## TASK OBJECTIVE:
An acceptable answer repeats exactly the line with "ТАНЦЫ/НОЧНОЙ КЛУБ MUSEUM/KHARKOV/ХАРЬКОВ/ЯНВАРЬ" and each line after it through the end of the entries, and includes nothing else.

Start of Block

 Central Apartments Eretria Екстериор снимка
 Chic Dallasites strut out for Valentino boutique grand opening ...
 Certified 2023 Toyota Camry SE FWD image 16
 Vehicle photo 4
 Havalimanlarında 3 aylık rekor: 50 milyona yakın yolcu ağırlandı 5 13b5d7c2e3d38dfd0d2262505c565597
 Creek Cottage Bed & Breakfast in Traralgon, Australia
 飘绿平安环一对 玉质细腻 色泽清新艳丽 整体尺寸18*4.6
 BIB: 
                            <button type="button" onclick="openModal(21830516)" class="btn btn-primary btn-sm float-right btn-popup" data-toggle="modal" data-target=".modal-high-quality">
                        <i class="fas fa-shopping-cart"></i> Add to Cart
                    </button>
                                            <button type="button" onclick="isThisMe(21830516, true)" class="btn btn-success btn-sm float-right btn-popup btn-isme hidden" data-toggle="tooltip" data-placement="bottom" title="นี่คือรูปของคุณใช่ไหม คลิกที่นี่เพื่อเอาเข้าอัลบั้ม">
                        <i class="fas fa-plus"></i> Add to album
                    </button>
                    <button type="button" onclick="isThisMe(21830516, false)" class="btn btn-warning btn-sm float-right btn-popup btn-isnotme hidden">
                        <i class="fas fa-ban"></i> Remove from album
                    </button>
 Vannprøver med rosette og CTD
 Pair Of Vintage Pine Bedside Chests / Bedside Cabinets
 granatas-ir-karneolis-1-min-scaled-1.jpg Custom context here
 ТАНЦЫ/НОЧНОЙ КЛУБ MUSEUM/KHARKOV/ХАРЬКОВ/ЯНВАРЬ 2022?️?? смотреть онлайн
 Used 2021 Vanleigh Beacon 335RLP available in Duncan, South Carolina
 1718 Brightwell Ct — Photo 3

End of Block

## PROBLEM SOLUTION:
 ТАНЦЫ/НОЧНОЙ КЛУБ MUSEUM/KHARKOV/ХАРЬКОВ/ЯНВАРЬ 2022?️?? смотреть онлайн
 Used 2021 Vanleigh Beacon 335RLP available in Duncan, South Carolina
 1718 Brightwell Ct — Photo 3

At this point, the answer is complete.